SYDNEY - After nine years of intractable negotiations, the failure to secure a free trade pact between China and Australia looks likely to become a big win for the three-month-old Shanghai Free Trade Zone (FTZ), with major Australian bank Westpac the latest to urge Australian business back to China.
Andrew Whitford, Westpac's head of Greater China, told local media this week that Australian companies seeking genuine access in China would enjoy enormous benefits from establishing a foothold in the Shanghai FTZ.
"I see companies that are involved in agriculture or companies that are involved in hard commodities that set up in the free trade zone would have enormous opportunities," Whitford told the Australian Financial Review on Thursday.
The Shanghai FTZ opened in late September and its experimental mantra will see 18 mainly services based industries (the majority of which are services based financial, shipping, business, professional, cultural and social), explore commerce with groundbreaking tools from the liberalization of interest rates, RMB convertibility and more liberal foreign investment criteria.
However, it was the December announcement that foreign companies in the FTZ will be empowered to issue yuan-denominated bonds for repatriation that really ignited local interest.
"As a foreign company setting up in the free trade zone, it is going to be a lot easier to be able to raise funds.

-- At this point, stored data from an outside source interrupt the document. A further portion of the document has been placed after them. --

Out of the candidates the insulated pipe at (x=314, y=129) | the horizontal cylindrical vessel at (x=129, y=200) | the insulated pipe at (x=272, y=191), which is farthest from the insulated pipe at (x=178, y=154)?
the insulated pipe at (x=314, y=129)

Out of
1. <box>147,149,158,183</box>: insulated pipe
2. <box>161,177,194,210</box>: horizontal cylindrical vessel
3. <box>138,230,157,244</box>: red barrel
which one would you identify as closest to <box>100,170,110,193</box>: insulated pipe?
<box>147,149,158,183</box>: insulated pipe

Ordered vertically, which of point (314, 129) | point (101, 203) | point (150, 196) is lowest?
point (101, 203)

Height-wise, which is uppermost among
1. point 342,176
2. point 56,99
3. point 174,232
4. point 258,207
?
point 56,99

Foreign companies will be able to issue RMB bonds and repatriate the funds back offshore or put the funds onshore into China.
"That is a major concession and a major change. That is a significant step forward," Whitford said.

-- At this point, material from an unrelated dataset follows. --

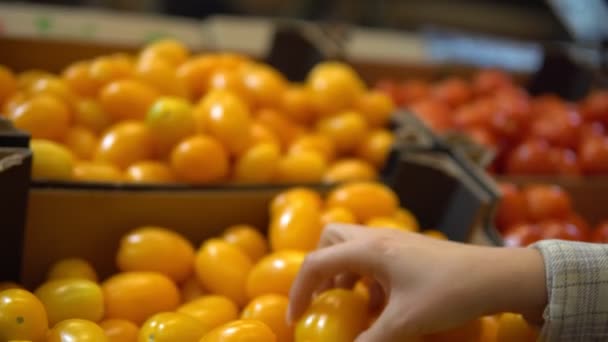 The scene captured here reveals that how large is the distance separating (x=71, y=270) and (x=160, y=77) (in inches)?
21.8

Westpac, Australia's second-biggest bank by market value, and one of the country's four pillar banks (the Big Four), has long held interests in China, having established itself in Hong Kong in 1997 with branches today in Shanghai and Beijing.
Sydney-based entrepreneur and BRIC expert David Thomas told Xinhua that the full convertibility of the Chines currency in the FTZ will allow foreign companies to raise capital through derivatives trading or private share placements.
"A huge step forward for the local financial services industry. "
Thomas said that Australian supporters of the new FTZ are regarding it as an alternative to just sitting and waiting for a free trade deal to materialize.